Panic! at the Disco – ‘Viva Las Vengeance’ Album Review

Photo Credit: Alex Stoddard

Formed in 2004 as a quartet, Panic! At The Disco became the solo act of Brendon Urie in 2015. The move caused immediate skepticism, but as a soloist, Urie has scaled heights that have surprised even his biggest critics. 2016’s Death of a Bachelor, while receiving the usual mixed critical reception for a Panic! album assured fans; who greeted it with rapture. 2018’s Pray For The Wicked, alternately, alienated many core fans but saw unexpected commercial success for a project now in its fourth year. “High Hopes” became inescapable – added to adverts, covered on talent shows, and even soundtracking presidential campaigns. 

Viva Las Vengeance feels like the moment at which the facade – that which always seemed too good to be true – bursts. Conceived as a grand rock opera, it’s filled with facile writing, poor vocals, and boundless unearned confidence. On nearly every track, Urie reaches for uncomfortable high notes that turn merely mediocre songs into unlistenable ones. The overzealous arrangements – which come across like a poor Queen pastiche – only make matters worse; heightening a sense of claustrophobia in these songs. 

The too-muchness of Viva Las Vengeance may have been justifiable if the story-telling was compelling, but instead, Urie persistently reduces compelling ideas down to their crudest forms. “Local God” – seemingly a tribute to former bandmate Ryan Ross – quickly descends into mindless repetitions of the titular phrase, while a deeply clumsy reference to self-harm pops up on “Something About Maggie.” Nowhere is the catastrophic drop in lyrical quality illustrated more clearly than on “Sad Clown” – a song every bit as cloying as its title suggests. “I thought that I had friends, I thought I even liked them // But now I’m thinking maybe not so much,” Urie sings without a hint of irony. There’s such a stark, unforgiving contrast between this and the quality of songwriting provided on Panic’s best songs, like 2008’s “That Green Gentleman.”

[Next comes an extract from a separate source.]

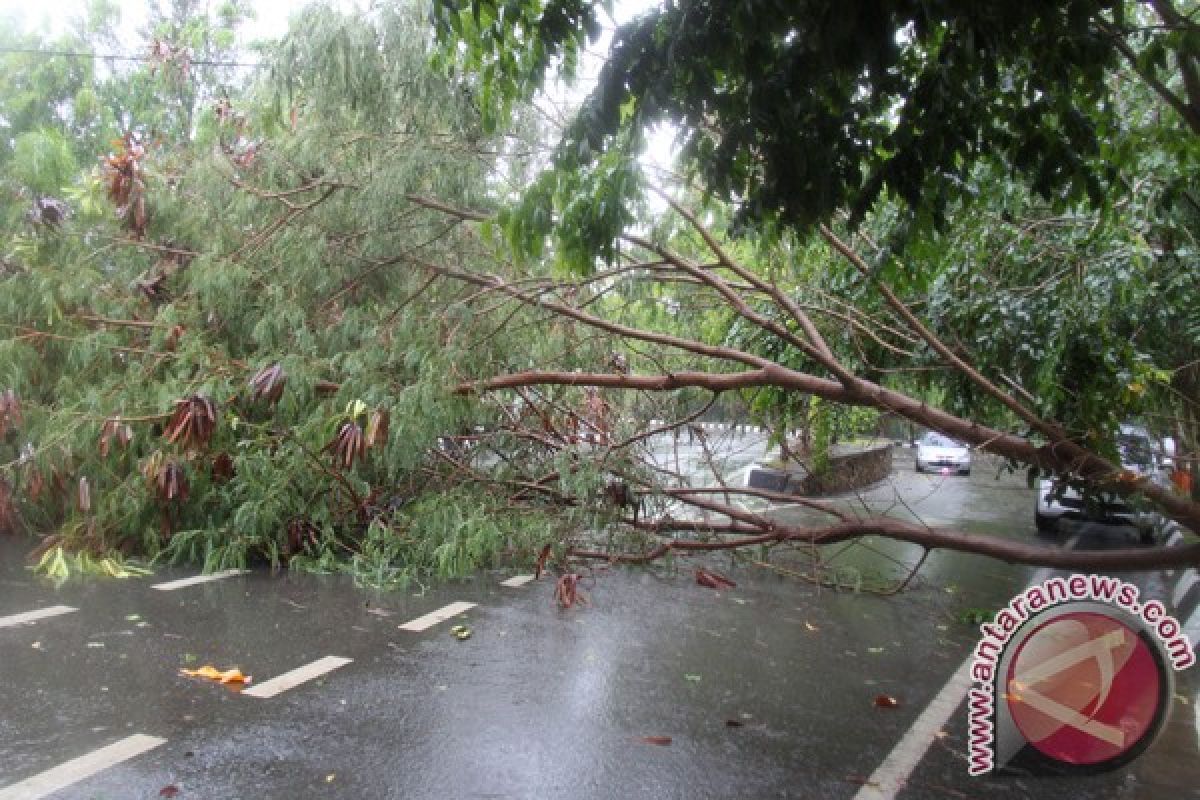 Seorang warga Nagan tewas tertimpa pohon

With an album like Viva Las Vengeance – one that isn’t just a mess, but is such a loud and unsubtle mess – there’s a tendency, perhaps born out of pity, to search the wreckage for redeeming qualities. Look close enough, and they’re there… sort of. Though overblown, “Don’t Let The Light Go Out” represents one of the few moments where heartbreak is convincingly portrayed. In what is surely the album’s most incisive moment, Urie cries “You’re the only one that knows how to operate // My heavy machinery.” It works because it’s one of the LP’s only self-aware moments – where Urie recognizes and leans into his own awkwardness.

“Star Spangled Banner,” meanwhile, channels classic rock charm a la Springsteen, as Urie attempts to create an anthem for a misunderstood and struggling generation. It includes a very-unearned claim that Panic! is the “new Dead Kennedys” and is cliched and heavy-handed to such an extent that it may be a deal breaker for many (“ln the land of the brave // Home of the freaks!”). But hasn’t there always been this tendency in Panic’s music – after all, their breakout hit’s refrain was “haven’t you people ever heard of // Closing a goddamn door?!”

In fleeting moments across Viva Las Vengeance, one can feel themselves succumbing to Urie’s enthusiasm and to the nostalgic charm of the backwards-looking music. But, it’s never long until a lyric emerges that is so clunky – or a vocal that is so excruciating – that one can no longer look past the album’s flaws. In these moments, there’s no hiding from the truth of Panic’s terrific decline in artistic quality.